What do you think is being done to personalise the whole experience of mobile shopping?
Shank: We haven’t seen much seamless personalisation in the mobile shopping space to date. Consumers will increasingly expect more relevant, targeted experiences that reduce the friction of task completion, so we expect to see more personalisation in the future. That said, as we’ve seen with web-based ecommerce, getting personalisation right for every user context is an enormous challenge.
The expectations and demands of smartphone customers are significantly higher than website visitors. What sort of benchmark should travel companies set for themselves when it comes to measurement of mobile web and app-related initiatives vis-à-vis any other component of digital strategy?
Shank: Travel companies tend to put far too much emphasis on conversion metrics. We look at broader measures of consumer engagement, including indexes for customer happiness, viral coefficient and social media engagement, to prioritise and drive our initiatives.

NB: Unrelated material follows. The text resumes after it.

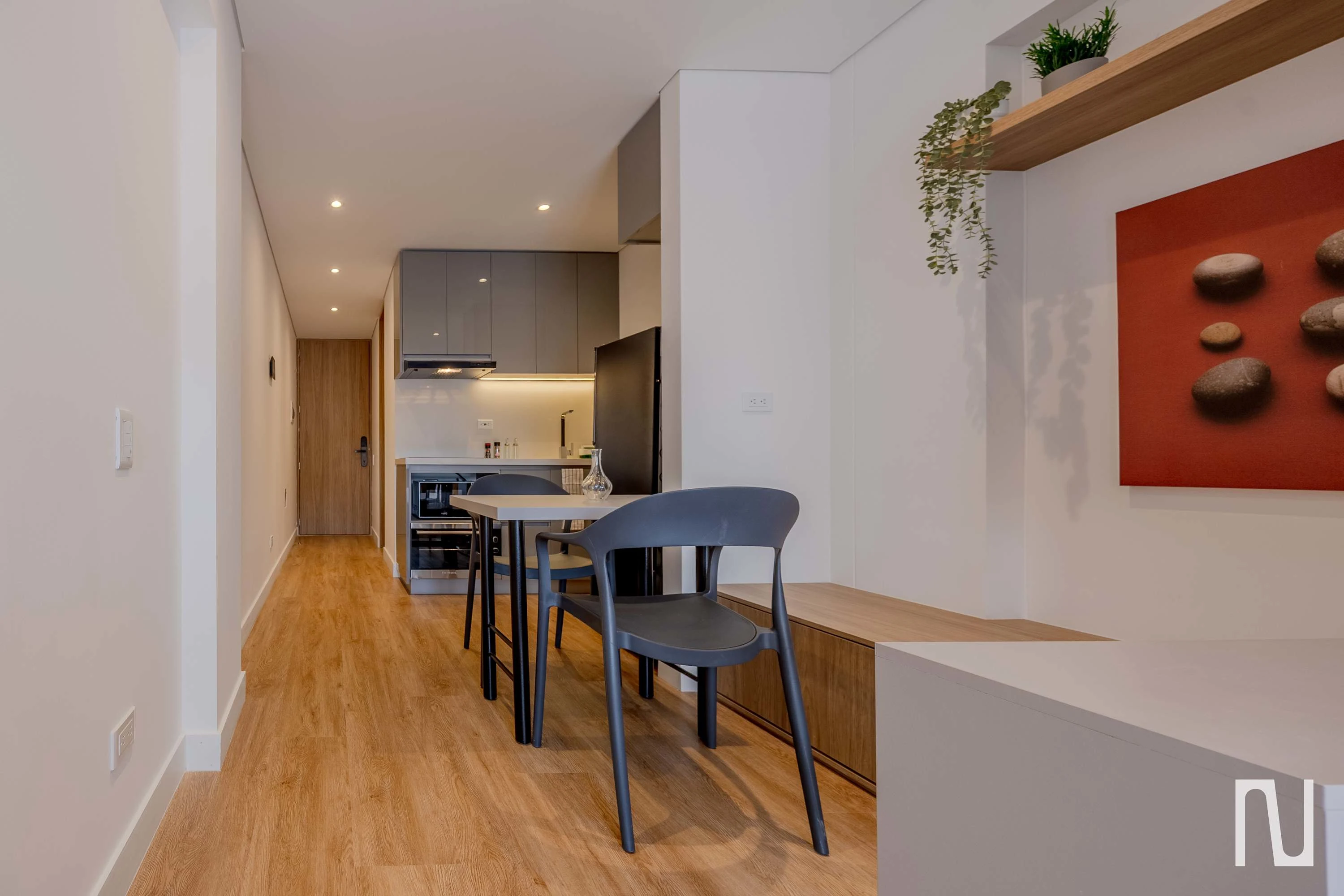 NOK Bright 1BR Apartment near Unicentro Bogota — foto 6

The Android OS accounted for 52.5 percent of smartphone sales to end users in the third quarter of 2011, more than doubling its market share from the third quarter of 2010, according to Gartner. What should travel companies note when it comes to the battle between different mobile operating systems?
Shank: We launched our Android app after hearing loudly from our customers that they wanted it. At one point, 20% of our customer service inquires were requests for an Android app. Android is a vital part of our revenue right now. We continue to listen to our users and study the evolution of mobile platforms before deciding where to invest. We don’t make the decision to support a new platform lightly, as our customers expect a high quality, design-rich experience that takes advantage of the unique capabilities of each particular platform.
Sam Shank is scheduled to speak at the forthcoming Social Media and Mobile Strategies for Travel USA 2012, to be held in San Francisco (March 5-6) this year.